What are some DynamoDB best practices that can improve performance?
- Concatenate query attributes into a single LSI (e.g., if you need to query on status and date, create a single range key with status + date
- Split tables by access frequency (by projecting those specific attributes into a GSI) to reduce query IOPS
- Ensure that keys are evenly distributed across partitions
- Shard writes of extremely hot tables by spreading the items across a fixed number of shards and appending a random shard identifier (e.g., an integer from 1 to 10) to an item’s hash key for each write; aggregate reads across multiple shards
- Move less frequently access items into a separate table with lower provisioned I/O
- Cache read-heady items
Lots of detail in this presentation (https://www.youtube.com/watch?v=KmHGrONoif4)
For which workloads would you choose Redshift over RDS?
Analytics and reporting
Workloads with very large data sets
Workloads where analytics can’t interfere with OLTP
From the Redshift FAQ (https://aws.amazon.com/redshift/faqs/):
“Q: When would I use Amazon Redshift vs.
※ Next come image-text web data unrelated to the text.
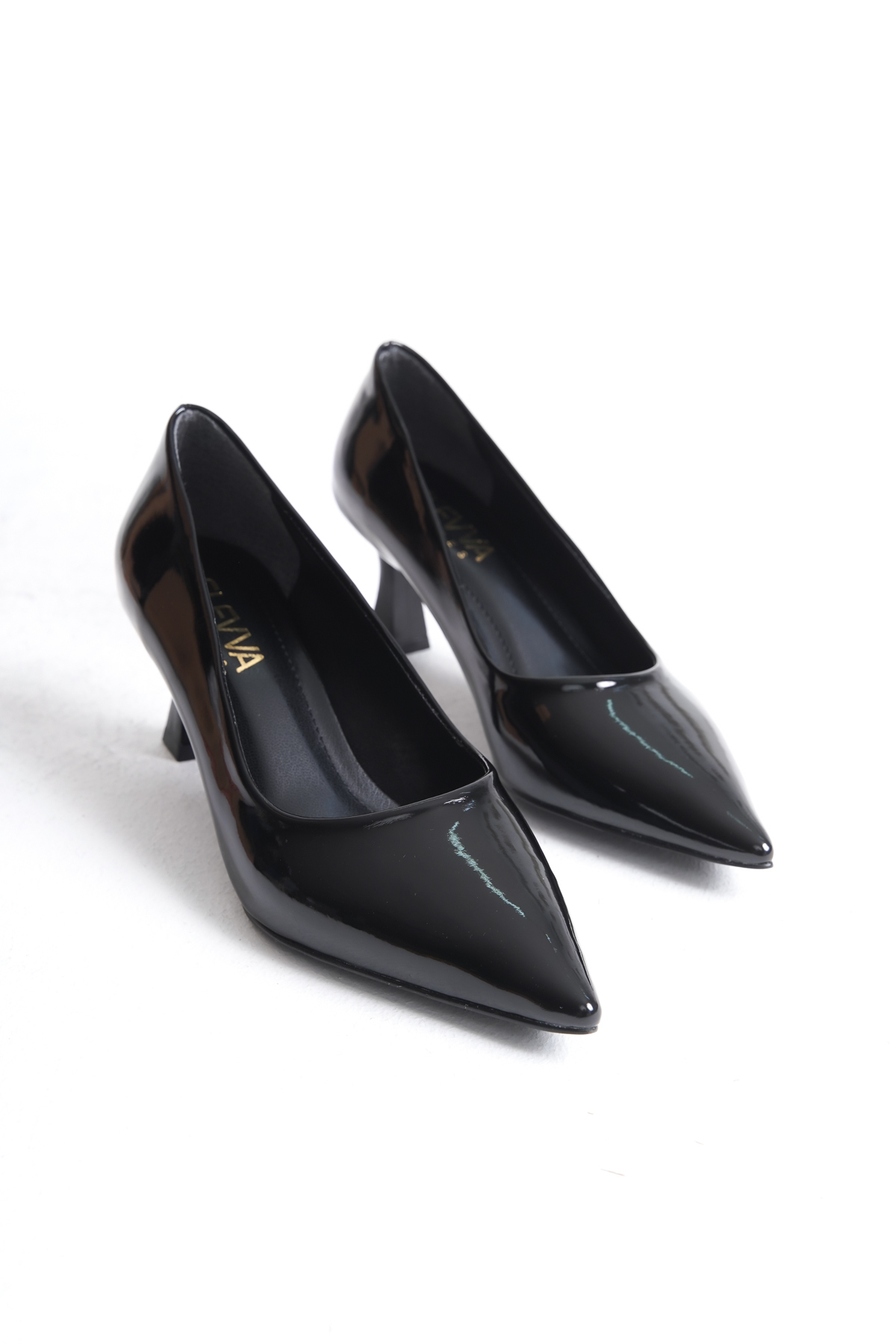 BOBx Kısa Topuklu Stiletto Kadeh Topuklu Stiletto 6 cm Topuk Boyu Siyah ...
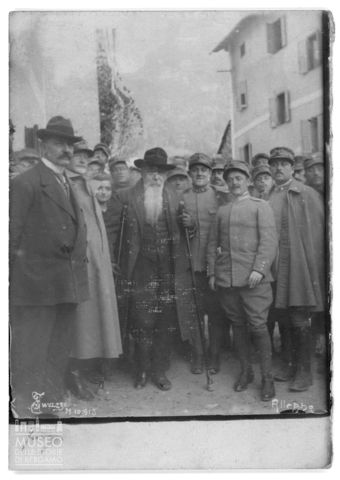 Ritratto di Ricciotti Garibaldi attorniato da militari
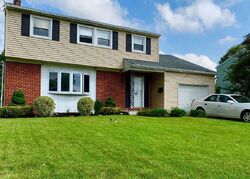 Pre-foreclosure in  HARRISON AVE Beverly, NJ 08010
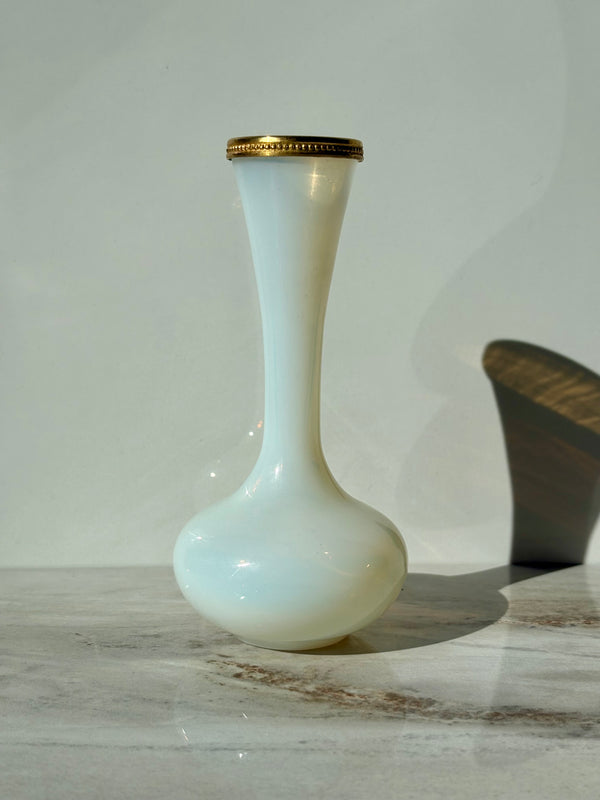 Soapy Opaline Soliflore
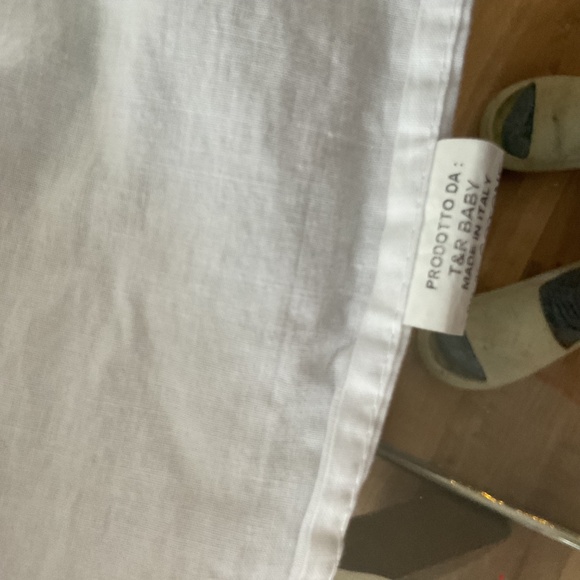 Cotton table runner or make into curtain - Picture 4 of 4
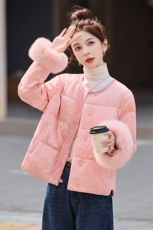 现货。2025年潮冬季真狐狸毛重工刺绣钉珠短款新中式羽绒服新款，女装羽绒服，艾仟回(原伊仟回)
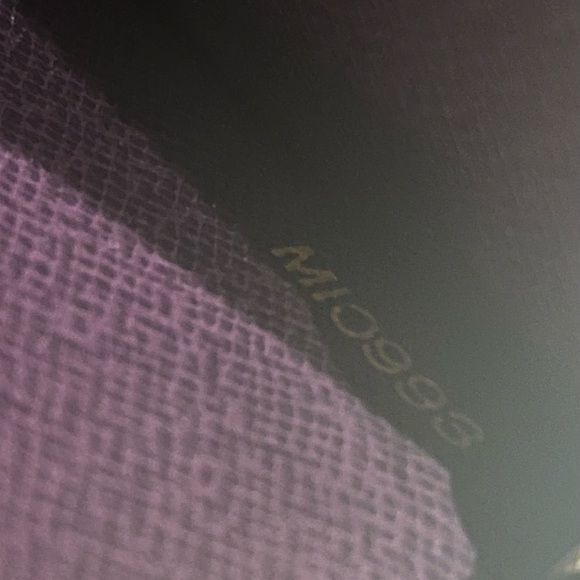 Authentic Louis Vuitton Long Epi Leather Wallet🌷 - Picture 7 of 13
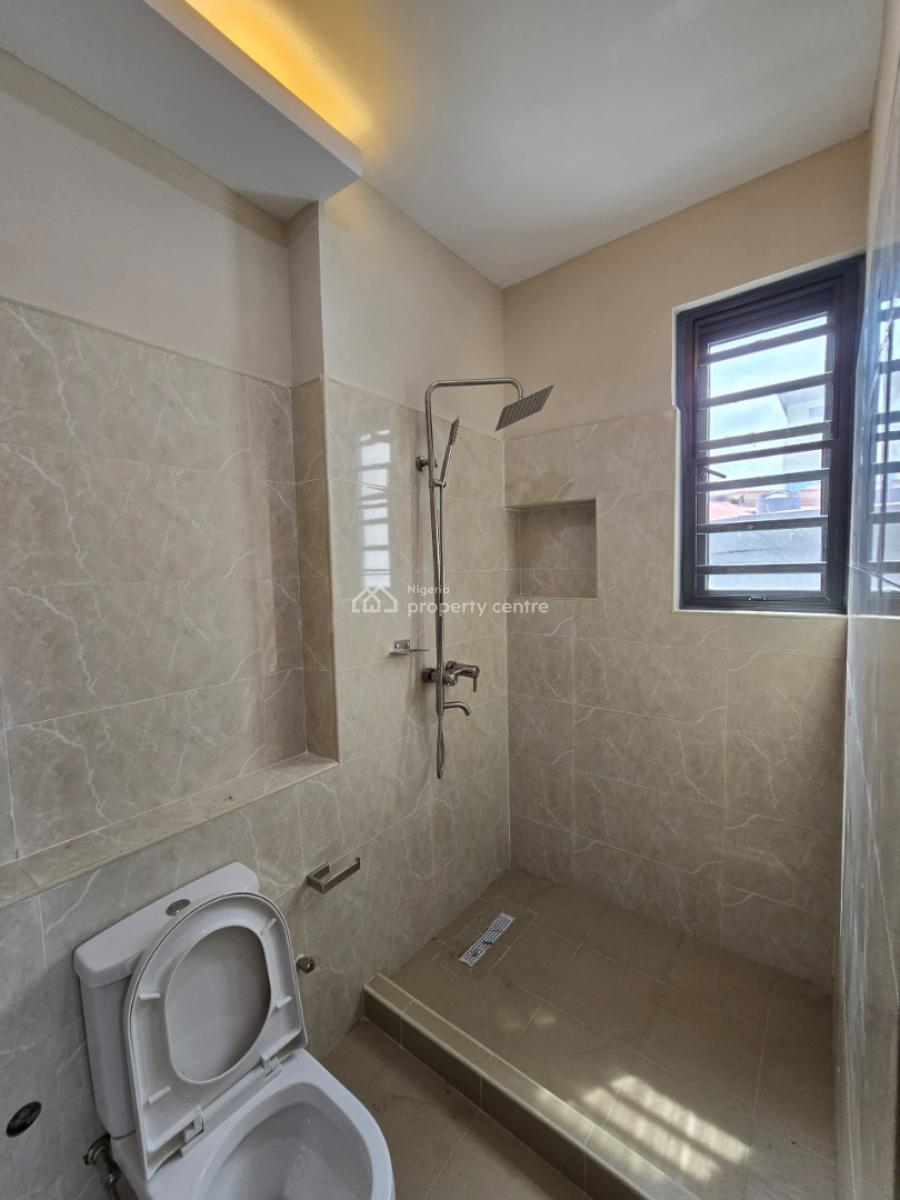 Well Finished Serviced 3 Bedroom Flat with a Room Bq, Lekki Phase 1, Lekki, Lagos, Flat / Apartment for Sale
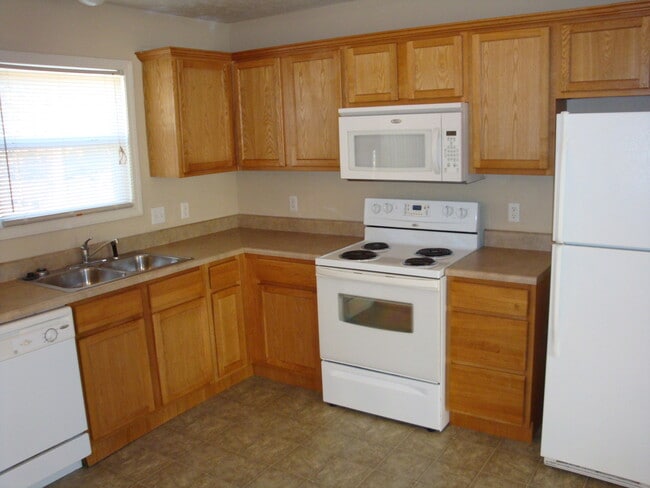 Building Photo - 1013 Deer Trail Ln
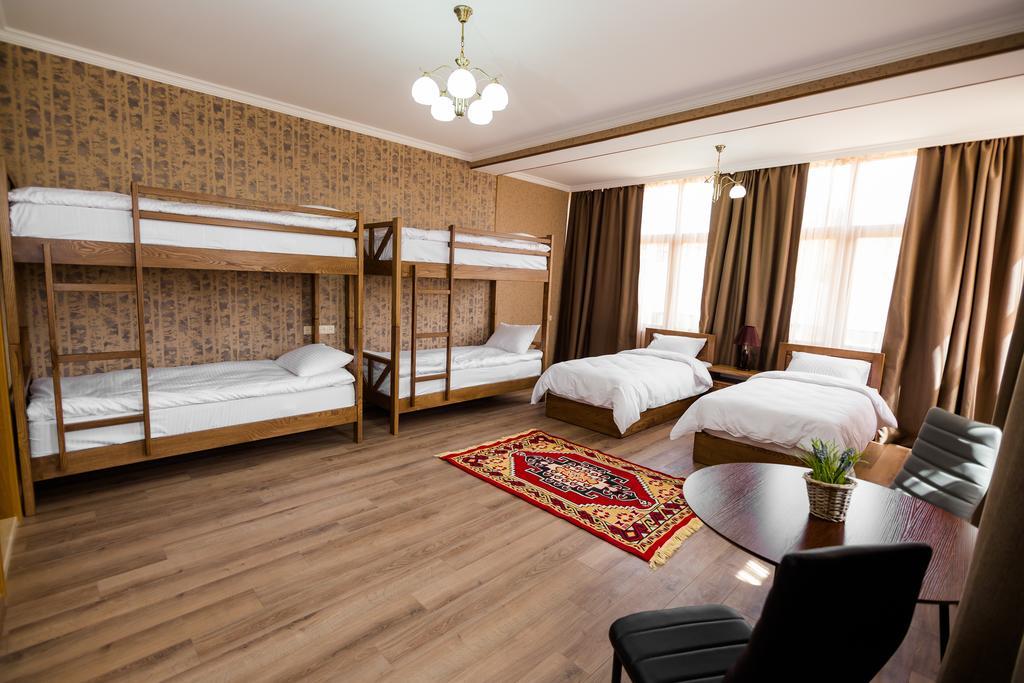 Metekhi'S Galavani Hotel Тбилиси Екстериор снимка
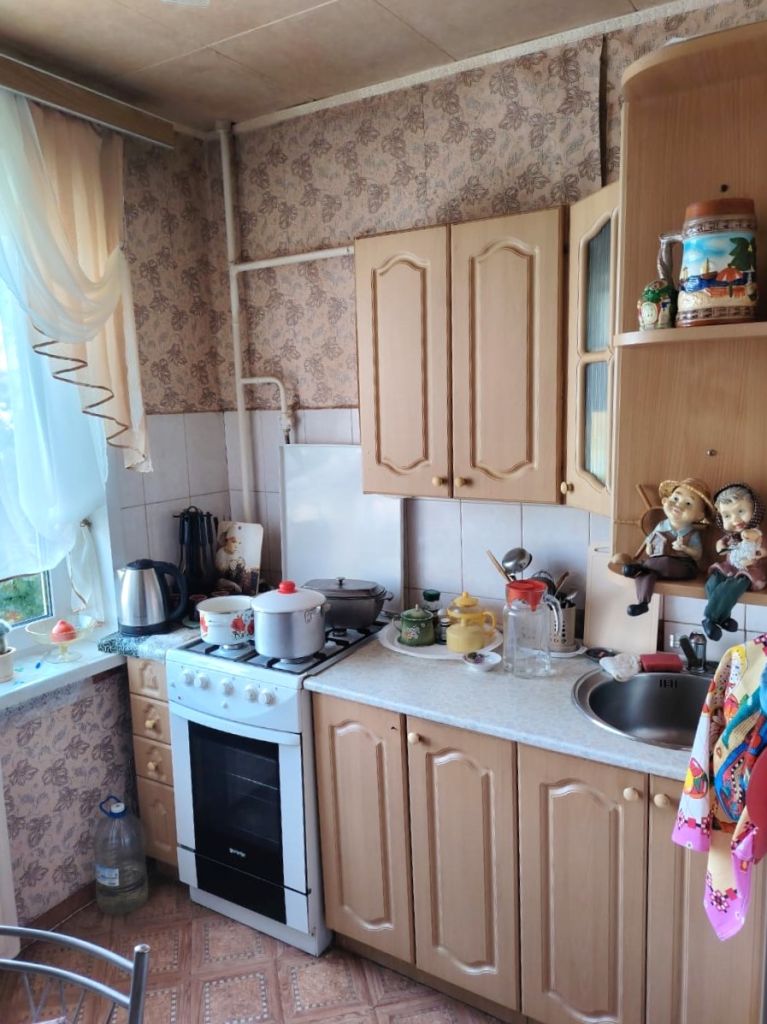 Продажа 2-комнатной квартиры, Кострома, Студенческий проезд,  19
Amazon RDS?
Both Amazon Redshift and Amazon RDS enable you to run traditional relational databases such as MySQL, Oracle and SQL Server in the cloud while offloading database administration. Customers use Amazon RDS databases both for online-transaction processing (OLTP) and for reporting and analysis. Amazon Redshift harnesses the scale and resources of multiple nodes and uses a variety of
optimizations to provide order of magnitude improvements over traditional databases for analytic and reporting workloads against very
large data sets. Amazon Redshift provides an excellent scale-out option as your data and query complexity grows or if you want to prevent your reporting and analytic processing from interfering with the performance of your OLTP workload.”